UF team to study lung cancer screening in veterans

A team of University of Florida researchers led by Yi Guo, Ph.D., an associate professor in the department of health outcomes and biomedical informatics in the UF College of Medicine, has received a two-year $200,000 grant from the U.S. Department of Veterans Affairs to identify geographic hotspots of low adherence to lung cancer screening in veterans. 

Yi Guo, Ph.D.

Through the project, funded by the Veterans Affairs Center of Innovation on Disability & Rehab Research, the team will build geospatial models to examine how race and rurality interact with social determinants of health to impact lung cancer screening adherence in veterans. 

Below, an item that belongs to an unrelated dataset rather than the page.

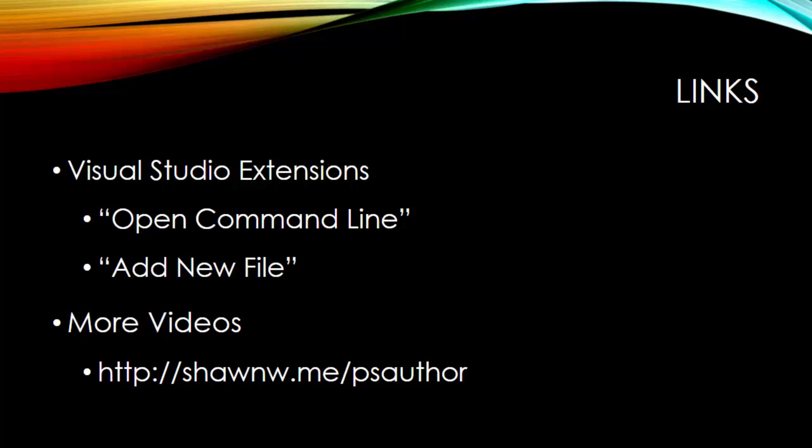So the two extensions that I've shown you are Open Command Line and Add New File, again both by Mads Kristensen. And you can also see more videos of mine either here on this YouTube channel or over at Pluralsight at seanw.me/psauthor. Thanks for watching.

The new project aligns with the mission of the UF Health Cancer Center by studying disparities in cancer screening for one of the center’s priority cancers. In the geographical area that the UF Health Cancer Center serves, the incidence of lung cancer is higher for women and men and both the white and Black populations than state rates. 

Guo, a member of the UF Health Cancer Center’s Cancer Control & Population Sciences research program, is collaborating on the new project with Mi Jung Lee, Ph.D., BSOT, a research assistant professor at the University of Texas Medical Branch; Jiang Bian, Ph.D., professor and division director of biomedical informatics in the department of health outcomes and biomedical informatics; and Aokun Chen, Ph.D., an assistant scientist in the department of health outcomes and biomedical informatics.  

Guo and Bian, who serves as chief data scientist and chief research information officer at UF Health, are also co-directors of the UF Health Cancer Center’s Cancer Informatics Shared Resource, which is supporting the new project.